__WORK ORDER__:
Look below for the line containing "Adult Asian man"; from there through the line containing "bijtring met speenkoord", both lines included, please set down each line exactly and nothing else.

#####

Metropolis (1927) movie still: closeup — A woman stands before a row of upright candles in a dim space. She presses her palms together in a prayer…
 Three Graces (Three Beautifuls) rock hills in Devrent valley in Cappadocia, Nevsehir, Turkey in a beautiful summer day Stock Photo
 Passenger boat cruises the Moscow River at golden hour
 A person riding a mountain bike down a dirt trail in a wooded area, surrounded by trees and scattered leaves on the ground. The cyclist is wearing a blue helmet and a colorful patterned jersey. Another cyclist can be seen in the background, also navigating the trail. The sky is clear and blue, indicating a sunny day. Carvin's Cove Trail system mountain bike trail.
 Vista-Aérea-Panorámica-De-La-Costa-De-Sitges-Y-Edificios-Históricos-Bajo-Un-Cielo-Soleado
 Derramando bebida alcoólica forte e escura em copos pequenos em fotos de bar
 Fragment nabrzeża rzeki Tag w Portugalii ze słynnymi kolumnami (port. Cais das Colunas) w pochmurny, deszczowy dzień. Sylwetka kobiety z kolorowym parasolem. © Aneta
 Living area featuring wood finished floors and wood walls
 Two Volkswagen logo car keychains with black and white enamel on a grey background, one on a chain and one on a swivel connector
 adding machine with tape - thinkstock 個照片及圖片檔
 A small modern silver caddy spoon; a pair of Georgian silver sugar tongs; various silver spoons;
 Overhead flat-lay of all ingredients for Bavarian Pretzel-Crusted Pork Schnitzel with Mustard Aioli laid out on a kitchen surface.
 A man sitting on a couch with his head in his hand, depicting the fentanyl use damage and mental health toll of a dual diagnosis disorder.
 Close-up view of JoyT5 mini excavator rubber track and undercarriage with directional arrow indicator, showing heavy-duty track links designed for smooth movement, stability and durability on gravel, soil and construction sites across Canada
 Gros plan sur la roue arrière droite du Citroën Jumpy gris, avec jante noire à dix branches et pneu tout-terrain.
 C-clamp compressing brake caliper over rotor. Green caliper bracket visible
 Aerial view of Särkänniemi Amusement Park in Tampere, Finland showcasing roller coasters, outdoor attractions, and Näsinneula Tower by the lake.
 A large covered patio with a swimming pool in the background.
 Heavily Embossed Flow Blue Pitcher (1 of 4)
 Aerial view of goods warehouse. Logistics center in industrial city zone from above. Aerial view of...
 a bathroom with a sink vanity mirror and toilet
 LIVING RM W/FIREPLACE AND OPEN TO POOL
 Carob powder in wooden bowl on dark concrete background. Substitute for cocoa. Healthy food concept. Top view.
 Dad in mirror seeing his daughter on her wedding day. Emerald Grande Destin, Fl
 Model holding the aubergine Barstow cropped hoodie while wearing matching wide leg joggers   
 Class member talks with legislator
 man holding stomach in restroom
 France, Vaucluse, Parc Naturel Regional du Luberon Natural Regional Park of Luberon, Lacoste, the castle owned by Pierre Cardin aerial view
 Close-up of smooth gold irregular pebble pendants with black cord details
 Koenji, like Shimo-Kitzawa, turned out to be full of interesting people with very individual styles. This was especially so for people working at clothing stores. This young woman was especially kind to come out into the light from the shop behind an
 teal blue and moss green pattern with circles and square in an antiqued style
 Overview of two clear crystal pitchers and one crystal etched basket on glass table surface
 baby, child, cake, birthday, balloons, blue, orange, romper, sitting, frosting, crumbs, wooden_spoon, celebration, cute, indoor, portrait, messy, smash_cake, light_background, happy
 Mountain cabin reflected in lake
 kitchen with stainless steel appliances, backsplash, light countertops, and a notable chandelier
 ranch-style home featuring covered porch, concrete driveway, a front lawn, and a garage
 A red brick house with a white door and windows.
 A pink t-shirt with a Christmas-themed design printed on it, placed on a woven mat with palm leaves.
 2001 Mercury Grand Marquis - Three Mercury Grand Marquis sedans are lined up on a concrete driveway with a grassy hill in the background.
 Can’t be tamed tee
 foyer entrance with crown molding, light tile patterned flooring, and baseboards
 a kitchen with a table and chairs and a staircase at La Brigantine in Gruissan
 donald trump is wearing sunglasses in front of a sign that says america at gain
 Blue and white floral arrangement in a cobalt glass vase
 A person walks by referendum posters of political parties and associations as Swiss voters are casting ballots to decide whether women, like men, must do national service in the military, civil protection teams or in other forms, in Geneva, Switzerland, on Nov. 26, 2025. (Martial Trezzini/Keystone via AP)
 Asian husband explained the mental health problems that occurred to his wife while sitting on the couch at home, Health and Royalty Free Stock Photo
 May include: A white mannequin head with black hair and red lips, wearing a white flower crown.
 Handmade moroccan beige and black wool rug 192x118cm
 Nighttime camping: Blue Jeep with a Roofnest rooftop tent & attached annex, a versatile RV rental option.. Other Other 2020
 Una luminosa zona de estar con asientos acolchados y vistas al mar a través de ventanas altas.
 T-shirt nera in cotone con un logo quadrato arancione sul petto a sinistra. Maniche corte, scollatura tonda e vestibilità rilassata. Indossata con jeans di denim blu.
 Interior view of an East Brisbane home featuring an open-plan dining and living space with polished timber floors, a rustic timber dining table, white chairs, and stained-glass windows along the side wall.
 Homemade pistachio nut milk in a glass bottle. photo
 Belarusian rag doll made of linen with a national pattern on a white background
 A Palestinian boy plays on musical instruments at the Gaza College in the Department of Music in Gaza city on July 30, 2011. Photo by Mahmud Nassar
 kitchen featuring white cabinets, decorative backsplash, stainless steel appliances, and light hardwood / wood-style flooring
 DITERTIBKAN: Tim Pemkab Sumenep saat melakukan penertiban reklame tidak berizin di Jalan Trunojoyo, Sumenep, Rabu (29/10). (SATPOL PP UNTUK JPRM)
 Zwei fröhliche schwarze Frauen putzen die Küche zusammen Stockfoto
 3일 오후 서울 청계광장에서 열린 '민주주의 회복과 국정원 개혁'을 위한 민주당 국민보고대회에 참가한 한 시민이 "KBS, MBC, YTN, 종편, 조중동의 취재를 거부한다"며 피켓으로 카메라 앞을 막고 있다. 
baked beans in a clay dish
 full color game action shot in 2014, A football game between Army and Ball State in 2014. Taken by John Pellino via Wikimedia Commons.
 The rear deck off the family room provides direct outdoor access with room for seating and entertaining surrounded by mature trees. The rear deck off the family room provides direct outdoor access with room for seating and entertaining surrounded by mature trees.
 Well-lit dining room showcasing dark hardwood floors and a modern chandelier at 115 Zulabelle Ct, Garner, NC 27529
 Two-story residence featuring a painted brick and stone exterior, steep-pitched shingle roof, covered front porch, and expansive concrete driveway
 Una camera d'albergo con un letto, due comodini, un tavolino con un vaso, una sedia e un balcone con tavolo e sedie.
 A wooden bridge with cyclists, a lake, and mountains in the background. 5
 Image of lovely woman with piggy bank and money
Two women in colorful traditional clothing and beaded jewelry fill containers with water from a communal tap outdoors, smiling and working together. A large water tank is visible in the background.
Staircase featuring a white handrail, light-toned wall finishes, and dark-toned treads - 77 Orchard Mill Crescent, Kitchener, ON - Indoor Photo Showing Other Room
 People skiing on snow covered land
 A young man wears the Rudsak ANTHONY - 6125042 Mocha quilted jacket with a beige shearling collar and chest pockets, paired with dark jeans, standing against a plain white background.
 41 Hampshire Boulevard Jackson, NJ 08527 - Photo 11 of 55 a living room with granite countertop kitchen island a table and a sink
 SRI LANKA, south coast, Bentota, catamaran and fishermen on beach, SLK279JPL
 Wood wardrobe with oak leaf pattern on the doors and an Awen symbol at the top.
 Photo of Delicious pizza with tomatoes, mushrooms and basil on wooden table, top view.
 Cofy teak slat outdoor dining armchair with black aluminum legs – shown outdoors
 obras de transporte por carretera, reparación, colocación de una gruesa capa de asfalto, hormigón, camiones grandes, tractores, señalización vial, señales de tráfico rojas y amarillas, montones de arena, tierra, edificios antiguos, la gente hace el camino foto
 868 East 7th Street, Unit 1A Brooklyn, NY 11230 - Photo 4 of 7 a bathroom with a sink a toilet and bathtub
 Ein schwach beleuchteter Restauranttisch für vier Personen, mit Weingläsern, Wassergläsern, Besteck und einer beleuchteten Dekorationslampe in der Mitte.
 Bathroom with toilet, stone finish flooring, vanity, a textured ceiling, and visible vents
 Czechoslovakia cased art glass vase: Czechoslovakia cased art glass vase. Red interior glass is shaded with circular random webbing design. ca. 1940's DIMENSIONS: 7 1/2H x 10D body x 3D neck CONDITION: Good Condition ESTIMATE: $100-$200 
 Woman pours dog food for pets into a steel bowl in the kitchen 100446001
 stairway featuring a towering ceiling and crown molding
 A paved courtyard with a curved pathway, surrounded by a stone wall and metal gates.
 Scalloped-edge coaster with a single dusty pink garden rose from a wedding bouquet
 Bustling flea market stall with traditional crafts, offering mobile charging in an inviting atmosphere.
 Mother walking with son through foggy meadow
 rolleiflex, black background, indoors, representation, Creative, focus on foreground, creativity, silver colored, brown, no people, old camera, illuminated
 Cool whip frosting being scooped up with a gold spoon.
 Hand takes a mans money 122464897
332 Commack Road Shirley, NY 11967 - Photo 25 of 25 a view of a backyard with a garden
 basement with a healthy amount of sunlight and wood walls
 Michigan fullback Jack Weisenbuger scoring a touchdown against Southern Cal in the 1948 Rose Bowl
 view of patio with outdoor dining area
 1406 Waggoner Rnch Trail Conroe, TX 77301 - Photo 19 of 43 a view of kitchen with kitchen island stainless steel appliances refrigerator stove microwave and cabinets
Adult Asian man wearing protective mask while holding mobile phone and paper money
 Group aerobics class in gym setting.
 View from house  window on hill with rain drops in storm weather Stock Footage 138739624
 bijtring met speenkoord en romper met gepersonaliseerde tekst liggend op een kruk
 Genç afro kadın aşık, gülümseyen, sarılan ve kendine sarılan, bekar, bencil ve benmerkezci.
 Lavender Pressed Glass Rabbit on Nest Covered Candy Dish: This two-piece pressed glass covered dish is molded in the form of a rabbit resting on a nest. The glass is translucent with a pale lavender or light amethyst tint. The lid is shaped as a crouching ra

#####

__WRITTEN ANSWER__:
Adult Asian man wearing protective mask while holding mobile phone and paper money
 Group aerobics class in gym setting.
 View from house  window on hill with rain drops in storm weather Stock Footage 138739624
 bijtring met speenkoord en romper met gepersonaliseerde tekst liggend op een kruk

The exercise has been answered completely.